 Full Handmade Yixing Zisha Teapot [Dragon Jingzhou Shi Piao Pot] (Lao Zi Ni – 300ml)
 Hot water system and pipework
========
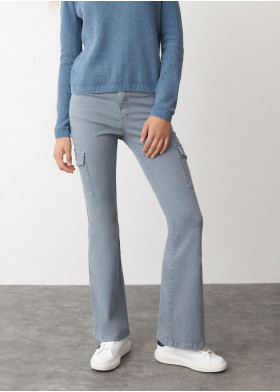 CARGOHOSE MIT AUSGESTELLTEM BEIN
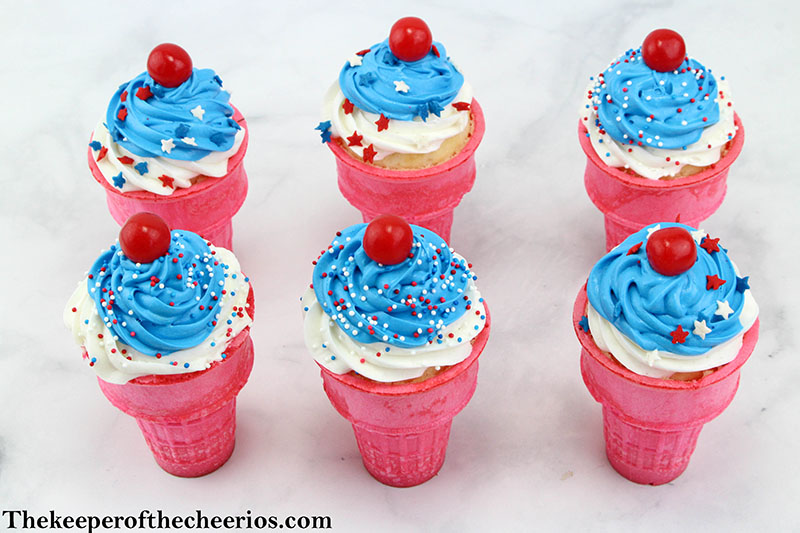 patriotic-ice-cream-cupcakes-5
========
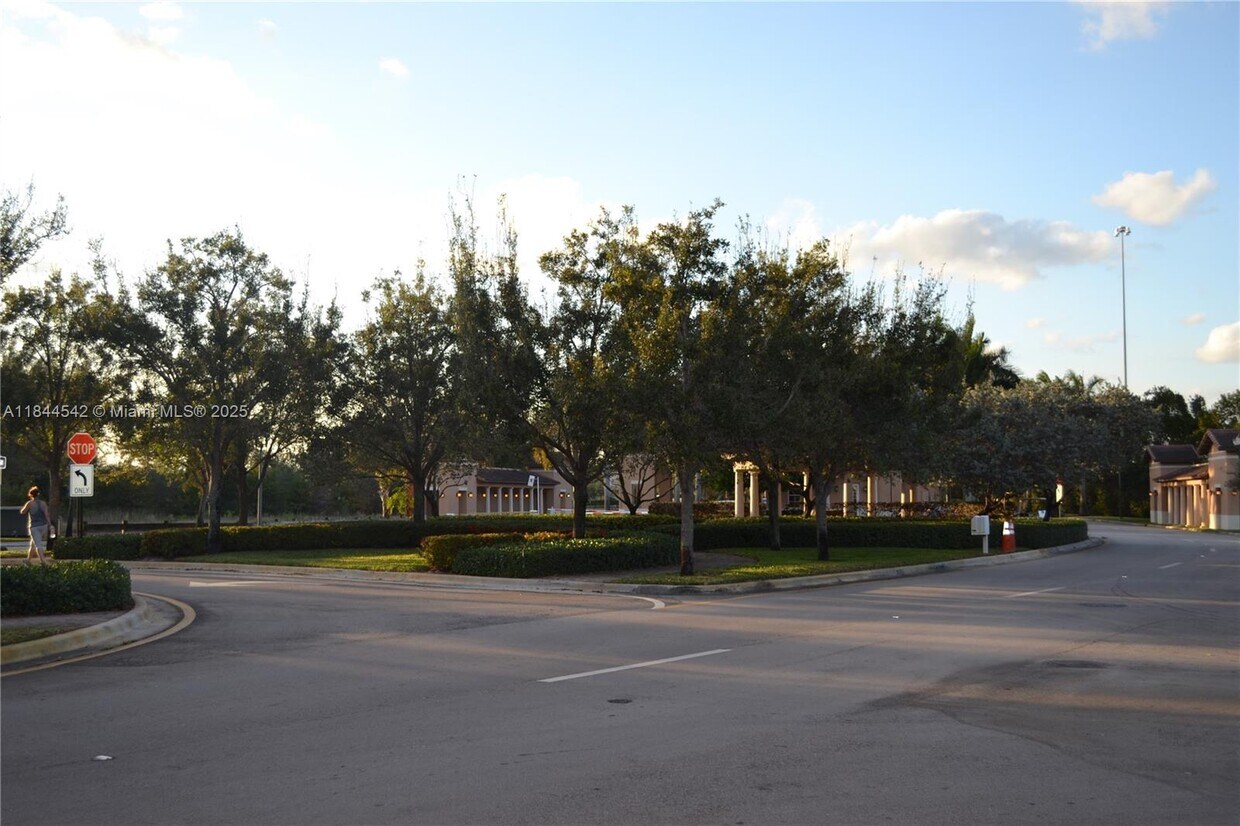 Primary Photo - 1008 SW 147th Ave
========
* _WHAT IS REQUIRED_: All lines above from the one containing "Full Handmade Yixing" to the one containing "Hot water system and pipework" must be repeated exactly, both lines included, and no others.

* _EXPECTED OUTPUT_:
 Full Handmade Yixing Zisha Teapot [Dragon Jingzhou Shi Piao Pot] (Lao Zi Ni – 300ml)
 Hot water system and pipework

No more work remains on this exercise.